On Reading When You’re Depressed

Amanda Diehl has written a good feature article over at Book Riot on reading with depression.  In it, she asks for advice on how to read and how to cope with our lives when we’re under such stress.

Like Ms. Diehl, I’ve never been able to read very much in a depressed state, but I can say, for what it’s worth, that reading has helped me carry on through some very turbulent, emotional times.

Over half a lifetime ago, I was in love with a woman who did not love me.  I asked her to marry me, but she married someone else.  The rejection spun me into a serious depression, the immediate effects of which lasted a full year.  In those months, nothing brought me happiness.  I had no taste for food or the other things that I had previously enjoyed.  I cried everywhere I went:  in the shower; in the hallways of the university where I taught; in my soul at night, where even my tears could not reach.  It was a wonder that I could function at all, and teach my students, who were unaware of what was going on.

My family was of no help.  They did not know–could not know–how crushing the blow was to my self-esteem.

I did find some consolation in books, but it took several years.  What happened in my case–what has to happen, I think, in most cases for people to begin to recover–is that I found words that expressed the kind of depression I was feeling, and words that allowed me, finally, to accept the mercy I had wanted to give myself after being such a fool.

First, it was Toni Morrison who showed me what my depression was, as I read the end of her novel, Sula:  “It was a fine cry–long and loud–but it had no bottom and it had no top, just circles and circles of sorrow.”  That was what I had been doing in my mind, circling–helplessly–back to the same point I’d been to before, except that I didn’t really know where the “point” was.  It just helped that someone knew what sorrow is, and how it acts upon us.  It is an emotion; it cannot be seen, although its effects can, but if we were to draw it, the shape we would draw is a circle, for that is what it does:  it draws us back, over and over again, to ground we’ve already walked, and do not wish to walk upon again.
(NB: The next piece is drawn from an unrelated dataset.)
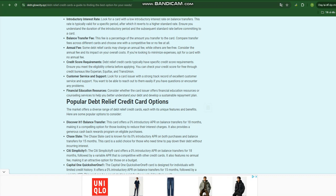The mechanics of using a debt relief credit card are relatively straightforward. Once you've been approved for a card, you can transfer the balances from your existing high-interest credit cards to the new card. This transfer process typically involves a balance transfer fee, which is a percentage of the transferred amount. Once the balance transfer is complete, you'll be responsible for making monthly payments on the new card at the agreed-upon interest rate.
Years after that, Robert Mitchum’s character, Steve, in the movie Holiday Affair, said words that have helped me to heal ever since:  “I figure a man in love has the right to ask any girl–even another man’s girl–to marry him.”
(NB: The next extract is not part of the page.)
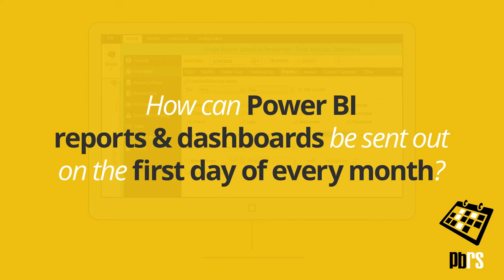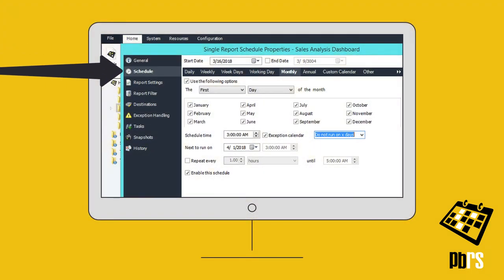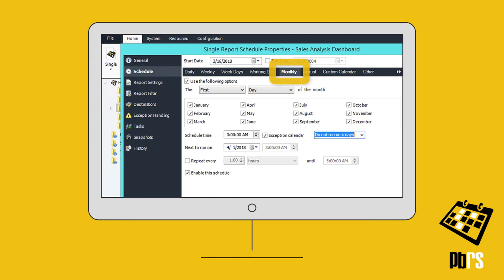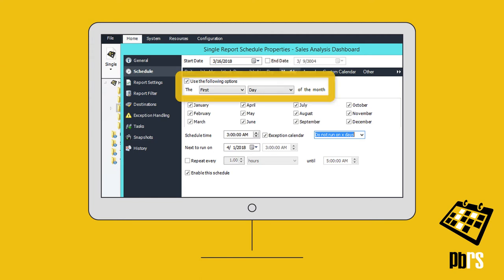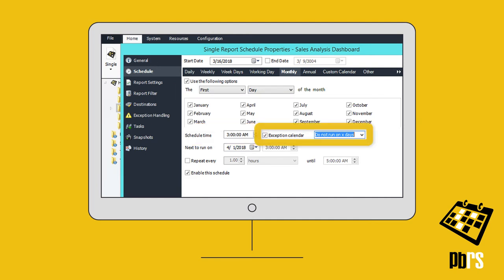How can Power BI reports and dashboards be sent out on the first day of every month? Using PBRS, create a single schedule and then move down from General to Schedule on the left and choose the Monthly tab. This one runs every first day of the month, once at 3am, except on those days specified in the selected custom calendar.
All my life, I had been made sick by the idea that I had no right to do what I did.  But I did have the right.  And since I have accepted the consequences of my actions every day since the day I asked her to marry me, I should have known that I had the right.
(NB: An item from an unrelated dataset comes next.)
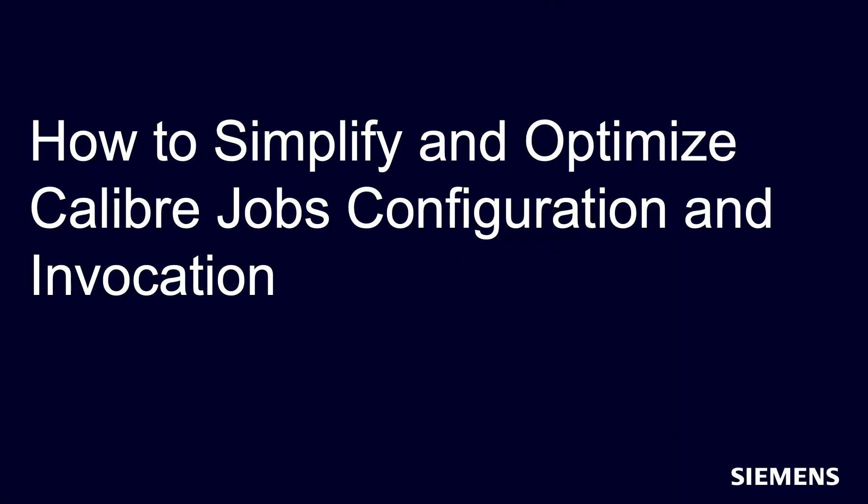Hello and welcome to our channel. In this video, I will demonstrate how Calibre Interactive is used to simplify and optimize Calibre configuration and invocation.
As a practical matter, I believe we should treat ourselves as gently as we can as we cope with depression.  We must be careful of what we read, where we go, and who we talk to.  I was fortunate to have found words that have helped me to recover.  I cannot claim at all that reading will help everyone.  But I do believe that the words we need to hear to guide us through our depression are out there, even from unlikely sources; and if we are patient enough, and kind enough with ourselves, we can hear them when the time comes.